[PROVIDED RECORDS — start]
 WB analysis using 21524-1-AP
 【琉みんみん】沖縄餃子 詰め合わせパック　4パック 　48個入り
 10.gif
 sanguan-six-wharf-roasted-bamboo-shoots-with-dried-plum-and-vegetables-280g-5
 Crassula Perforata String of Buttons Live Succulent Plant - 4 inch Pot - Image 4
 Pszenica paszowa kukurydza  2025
[PROVIDED RECORDS — finish]
[PROVIDED RECORDS — start]
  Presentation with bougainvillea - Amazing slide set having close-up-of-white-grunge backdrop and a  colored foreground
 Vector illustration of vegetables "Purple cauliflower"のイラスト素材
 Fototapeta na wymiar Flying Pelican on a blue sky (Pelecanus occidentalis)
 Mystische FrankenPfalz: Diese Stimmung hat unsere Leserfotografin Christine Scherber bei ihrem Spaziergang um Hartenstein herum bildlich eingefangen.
[PROVIDED RECORDS — finish]
[PROVIDED RECORDS — start]
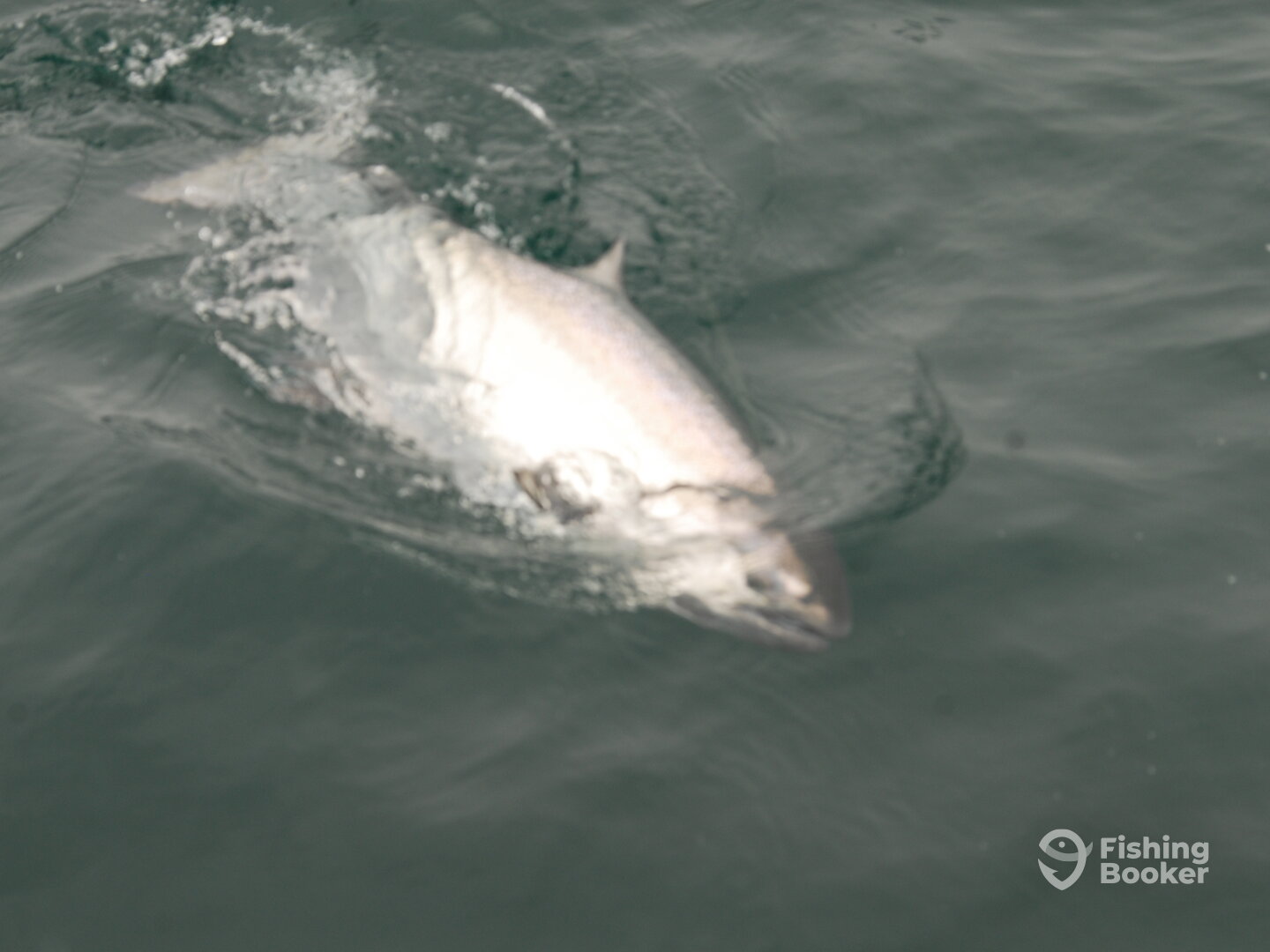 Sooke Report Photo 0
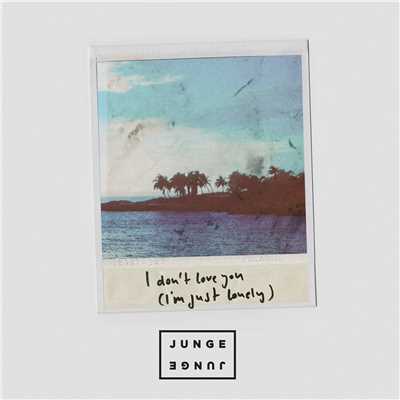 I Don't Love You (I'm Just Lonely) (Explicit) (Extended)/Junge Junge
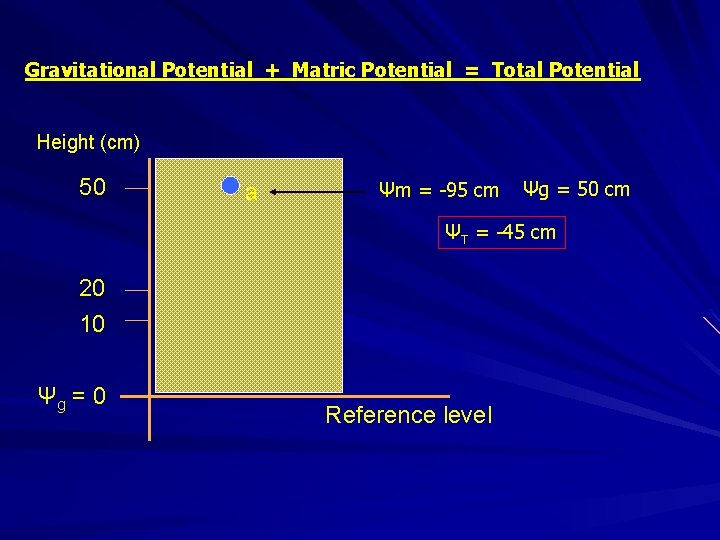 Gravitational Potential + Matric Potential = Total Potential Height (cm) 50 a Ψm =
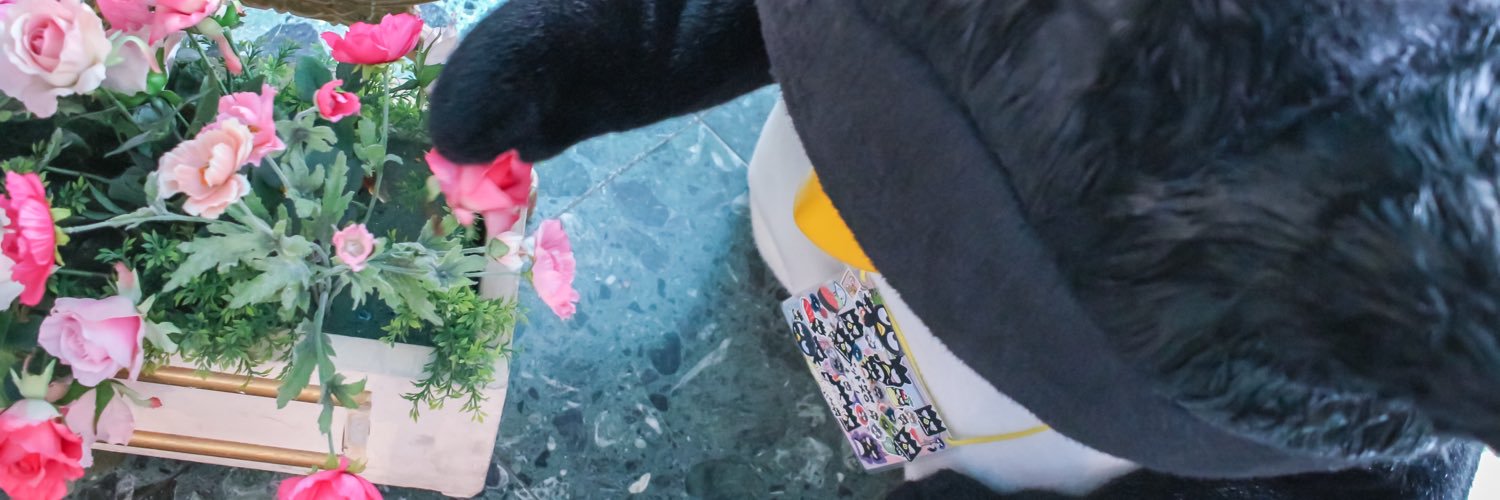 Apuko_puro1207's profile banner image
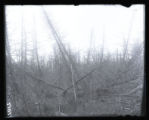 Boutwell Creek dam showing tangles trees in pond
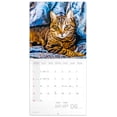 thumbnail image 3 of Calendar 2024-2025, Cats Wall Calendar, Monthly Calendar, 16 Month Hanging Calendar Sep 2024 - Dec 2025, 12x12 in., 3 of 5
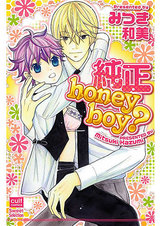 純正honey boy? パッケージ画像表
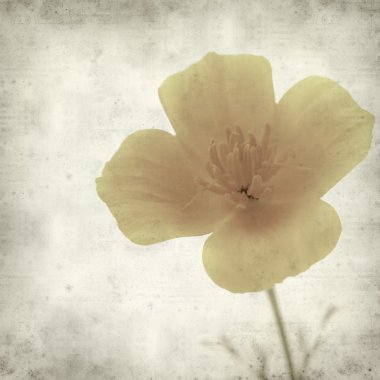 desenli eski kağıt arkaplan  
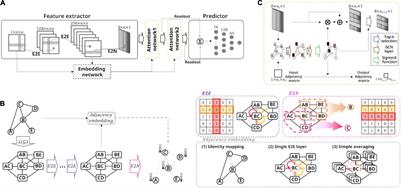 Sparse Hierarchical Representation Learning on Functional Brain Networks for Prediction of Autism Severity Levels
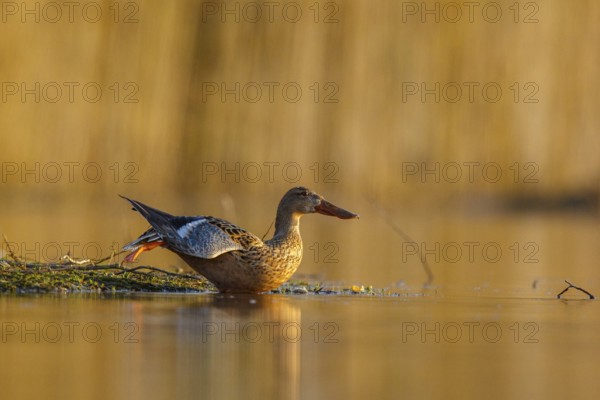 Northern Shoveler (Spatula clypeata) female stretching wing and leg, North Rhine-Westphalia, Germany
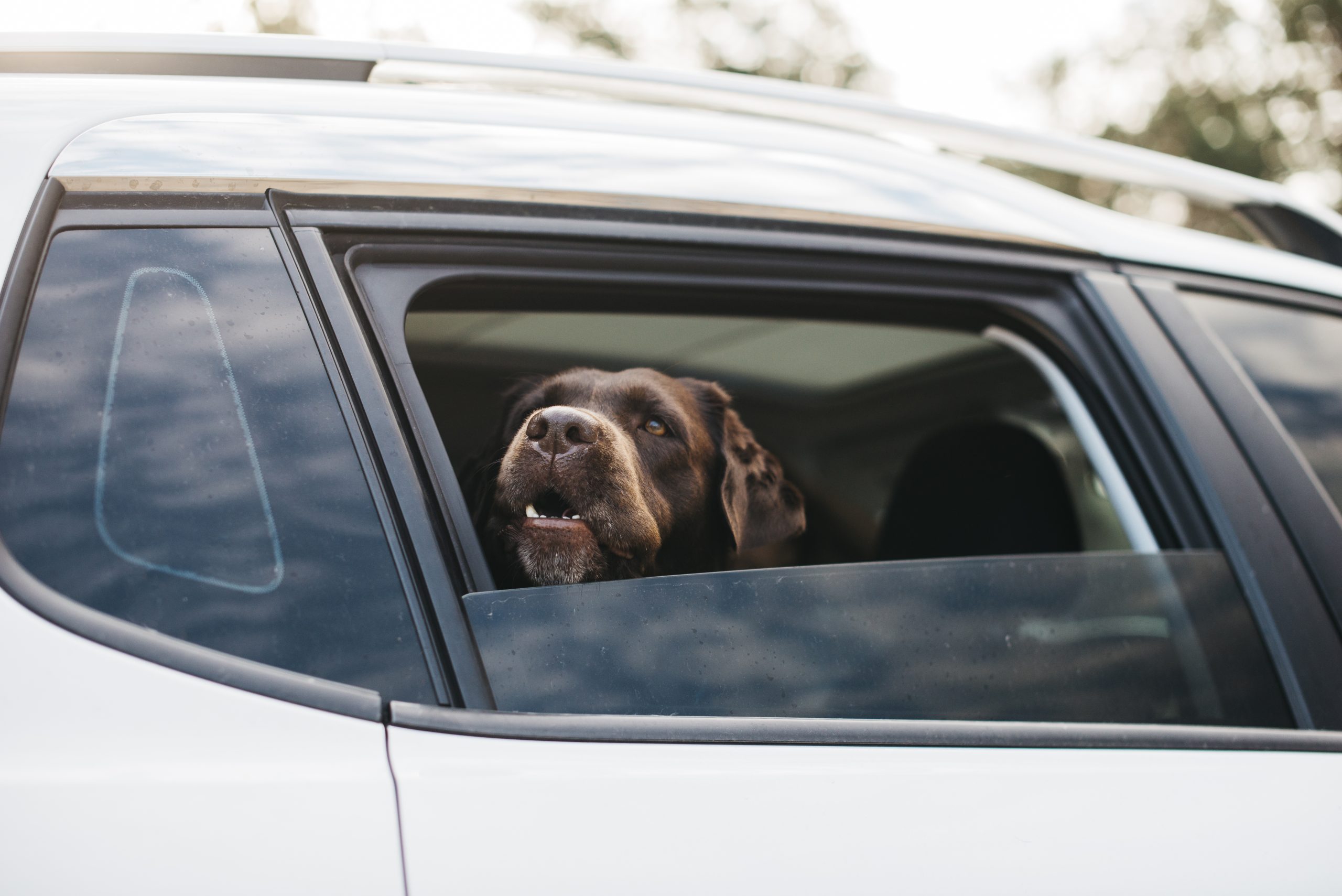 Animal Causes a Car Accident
[PROVIDED RECORDS — finish]
▸ BRIEF: Of all the entries above, repeat only the lines from the line that has "WB analysis using 21524-1-AP" to the line that has "Pszenica paszowa kukurydza", both lines included, exactly.

▸ TASK RESULT:
 WB analysis using 21524-1-AP
 【琉みんみん】沖縄餃子 詰め合わせパック　4パック 　48個入り
 10.gif
 sanguan-six-wharf-roasted-bamboo-shoots-with-dried-plum-and-vegetables-280g-5
 Crassula Perforata String of Buttons Live Succulent Plant - 4 inch Pot - Image 4
 Pszenica paszowa kukurydza  2025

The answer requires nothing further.